Marco Di Francesco, autore, alle 23:19 del 20 settembre 2011 ha scritto:

Intervengo dopo un periodo di inattività. Sapevo che nel tempo questa mia rece avrebbe sollevato qualche dubbio sulla validità del voto finale.

Come avevo già spiegato in precedenza tale voto non deve essere visto come una valutazione negativa o in qualche modo limitata. Credo che nelle recensioni vada giudicato lo sguardo di insieme e non il mero voto scolastico finale come se si potessero mettere allo stesso livello dischi che hanno generi e visioni diverse. Credo sia importante vedere che percorso fa un artista nella sua carriera. Ogni album ha una sua storia e anche se il voto numerico sembra stitico in realtà emotivamente son molto legato a questo disco.

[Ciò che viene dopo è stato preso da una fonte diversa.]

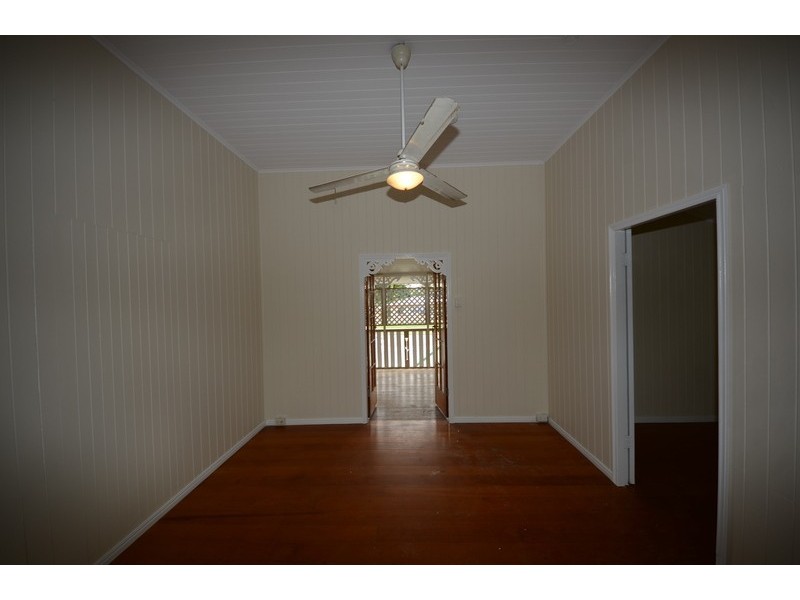 16 Campbell Street, Hermit Park QLD 4812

Poi la diatriba era nata perché personalmente considero questo album un gradino subito sotto al successivo "The Flying Cup Club", disco che ha portato il gruppo al meritato successo commerciale. Quindi ho tentato di mantere un sottile fil rouge di coerenza tra questa rece e quella (scritta precedentemente da altri) di "The Flying Cup Club". Se poi non ci son riuscito mi dispiace, il tentativo l'ho fatto.

Ciò non toglie che considero quest'album molto bello e sicuramente sopra la media delle uscite di quell'anno. E poi lo riascolto sempre molto volentieri

Totalblamblam alle 19:16 del 21 settembre 2011 ha scritto:

carla bley e la liberation orchestra mio dio spudorato costui

Giuseppe Ienopoli (ha votato 8 questo disco) alle 1:12 del 22 settembre 2011 ha scritto:

Carneade? ...

Adesso è tutto chiaro Panda! ... certamente 7 è un bel voto soprattutto in tempi di magra come quelli odierni ... un'ultima cosa ... conosci per caso un costui spudorato orchestrale??!

Dusk (ha votato 9 questo disco) alle 21:23 del 22 aprile 2020 ha scritto:

Album simbolo, per me l'apice di Zach.